The 2020 iMac has one bus and two ports. It supports dual 6K XDR displays because the XDR display can use DSC and the iMac has 5700 XT which supports DSC. When DSC is used, a 6K display only requires a single HBR2 connection (similar to a 4K display). I don't know if it's less or more bandwidth than a 4K display but I know it fits within HBR2.

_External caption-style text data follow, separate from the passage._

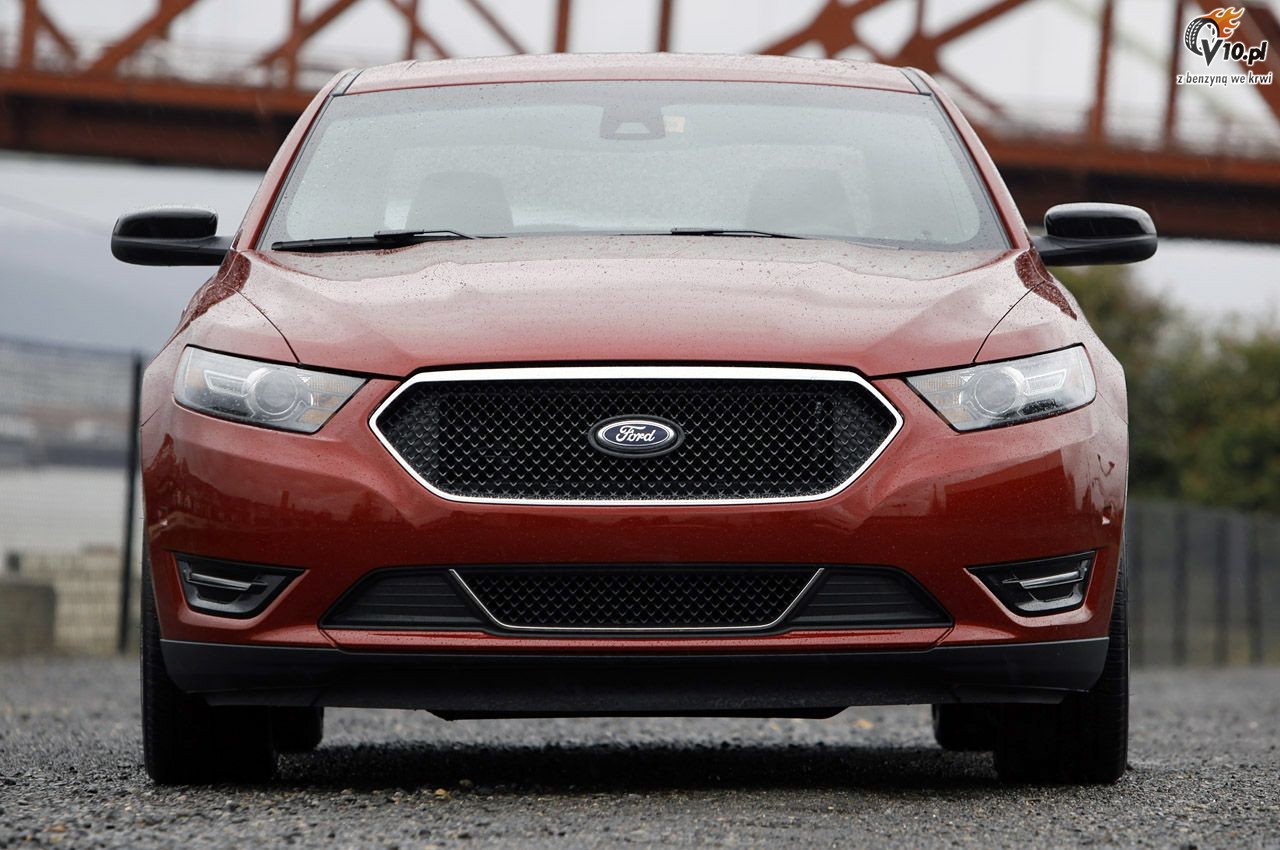 Ford Taurus SHO model na rok 2013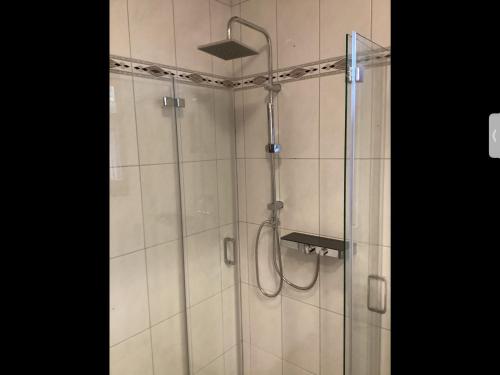 a bathroom with a shower with a glass door at Landhaus Saterland Ferienwohnung NEU Emsland Ostfriesland Nordsee in Sedelsberg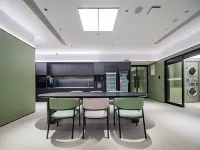 Hi Inn (Lintong Huaqing Pool Subway Station)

When DSC is not used, a single 6K display requires two HBR3 connections to support 6K. A single Thunderbolt bus only has two DisplayPort connections to a GPU, therefore only one such display can be used. It is the same for 5K displays that use two HBR2 connections (iMac display, LG UltraFine 5K, Dell UP2715K., ...) which allows 10 bpc. There also exist 5K displays that use a single HBR3 connection (supports only 8 bpc) such as the Iiyama Prolite.
 
Thanks for your comprehensive explanation! I was mainly worried about mixing devices on the iMac, coz I knew it only had one bus, but, will do as you suggest.